One of the key buzzwords, particularly if you’re looking for an issue that transcends party lines these days is “infrastructure” – an area where broad consensus on the need for significant overhaul exists. What is often overlooked, however, is that our infrastructure today comprises of far more than just bridges, roads, and tunnels. As our very own Daniel McGroarty outlines in a brand new piece for Investor’s Business Daily,
“[t]oday, our infrastructure extends to the national power grid — currently a patchwork of lines, nodes and often antique switching towers we rely on to move energy to where we need it — to the internet itself, which has a physicality we easily overlook in this Age of the Cloud and Wireless. These systems, marvels that they are, come closer to tin-can-and-string contraptions than the modern version we would build if we began the work today.
Threats against our infrastructure are as diverse as they are real, and dealing with them will require a comprehensive approach. Securing access to Copper, Graphite, Cobalt, Manganese, and Rhenium may not be the first things that come to mind when we think critical infrastructure protection – but they, and many other tech metals and minerals, have to be on our shopping list if we’re serious about a 21st Century infrastructure that is competitive and can withstand threats from the outside and within.
As followers of ARPN are aware, we are subject to a significant degree of import-dependence for the above referenced materials, as well as for many others. With there being more to infrastructure than “cement trucks and Jersey Barriers”, it’s time for an approach conducive to unleashing our arguably vast domestic mineral potential.
“It means getting over the pernicious mindset that 2017 America lives in a postindustrial age, a time when Americans are all ‘symbolic analysts,’ tapping away at keyboards, creating wealth from ones-and-zeros, live-blogging streaming video and the like, no longer dependent of transforming real raw materials into things. That messy business has been off-shored to other places, happy to sell us what we need.”

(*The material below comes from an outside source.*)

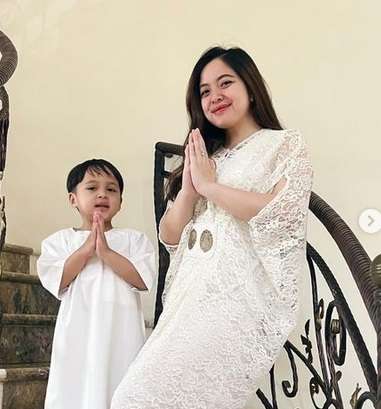 Beda dari Bocah Lain, Potret Anak Tasya Kamila Hobi Koleksi Kipas Angin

This leaves us at the mercy of the rest of the world — and needlessly so. Concludes McGroarty:
“Word is that the new infrastructure bill will exceed $1 trillion. Shoring up our infrastructure — broadly understood — is essential, and not just for jobs and GDP, but for the stuff modern dreams are made of — everything from the gadgets we use to occupy our time to the high-performance materials that power the weapons platforms that keep us safe.
If we approach the Great Infrastructure Debate in this spirit, we could do even more than rebuild our roads, bridges and tunnels. We could build the foundation for a new American Century.”